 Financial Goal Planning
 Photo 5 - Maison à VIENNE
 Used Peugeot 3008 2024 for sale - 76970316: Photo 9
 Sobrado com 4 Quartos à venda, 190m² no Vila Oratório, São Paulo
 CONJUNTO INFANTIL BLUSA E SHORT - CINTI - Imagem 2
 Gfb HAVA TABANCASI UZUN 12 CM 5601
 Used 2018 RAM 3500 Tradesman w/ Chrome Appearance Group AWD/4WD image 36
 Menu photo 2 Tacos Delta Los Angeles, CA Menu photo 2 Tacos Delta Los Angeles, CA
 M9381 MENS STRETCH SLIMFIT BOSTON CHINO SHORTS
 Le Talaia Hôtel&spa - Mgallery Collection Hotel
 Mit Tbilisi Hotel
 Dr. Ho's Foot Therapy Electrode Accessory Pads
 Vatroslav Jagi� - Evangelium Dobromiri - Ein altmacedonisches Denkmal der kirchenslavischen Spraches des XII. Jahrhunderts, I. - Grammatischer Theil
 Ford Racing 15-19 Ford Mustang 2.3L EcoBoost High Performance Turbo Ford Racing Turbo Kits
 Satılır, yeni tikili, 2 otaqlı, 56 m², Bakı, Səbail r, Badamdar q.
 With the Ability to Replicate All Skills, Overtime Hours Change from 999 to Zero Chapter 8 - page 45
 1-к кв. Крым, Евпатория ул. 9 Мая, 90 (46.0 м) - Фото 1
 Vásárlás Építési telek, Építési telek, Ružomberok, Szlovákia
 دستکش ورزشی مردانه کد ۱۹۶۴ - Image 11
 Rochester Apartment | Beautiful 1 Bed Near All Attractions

━━━━━━━━━━━━━━━━━━━━

> **To do**
Precisely reproduce all the entries shown above.

> **Your solution**
 Financial Goal Planning
 Photo 5 - Maison à VIENNE
 Used Peugeot 3008 2024 for sale - 76970316: Photo 9
 Sobrado com 4 Quartos à venda, 190m² no Vila Oratório, São Paulo
 CONJUNTO INFANTIL BLUSA E SHORT - CINTI - Imagem 2
 Gfb HAVA TABANCASI UZUN 12 CM 5601
 Used 2018 RAM 3500 Tradesman w/ Chrome Appearance Group AWD/4WD image 36
 Menu photo 2 Tacos Delta Los Angeles, CA Menu photo 2 Tacos Delta Los Angeles, CA
 M9381 MENS STRETCH SLIMFIT BOSTON CHINO SHORTS
 Le Talaia Hôtel&spa - Mgallery Collection Hotel
 Mit Tbilisi Hotel
 Dr. Ho's Foot Therapy Electrode Accessory Pads
 Vatroslav Jagi� - Evangelium Dobromiri - Ein altmacedonisches Denkmal der kirchenslavischen Spraches des XII. Jahrhunderts, I. - Grammatischer Theil
 Ford Racing 15-19 Ford Mustang 2.3L EcoBoost High Performance Turbo Ford Racing Turbo Kits
 Satılır, yeni tikili, 2 otaqlı, 56 m², Bakı, Səbail r, Badamdar q.
 With the Ability to Replicate All Skills, Overtime Hours Change from 999 to Zero Chapter 8 - page 45
 1-к кв. Крым, Евпатория ул. 9 Мая, 90 (46.0 м) - Фото 1
 Vásárlás Építési telek, Építési telek, Ružomberok, Szlovákia
 دستکش ورزشی مردانه کد ۱۹۶۴ - Image 11
 Rochester Apartment | Beautiful 1 Bed Near All Attractions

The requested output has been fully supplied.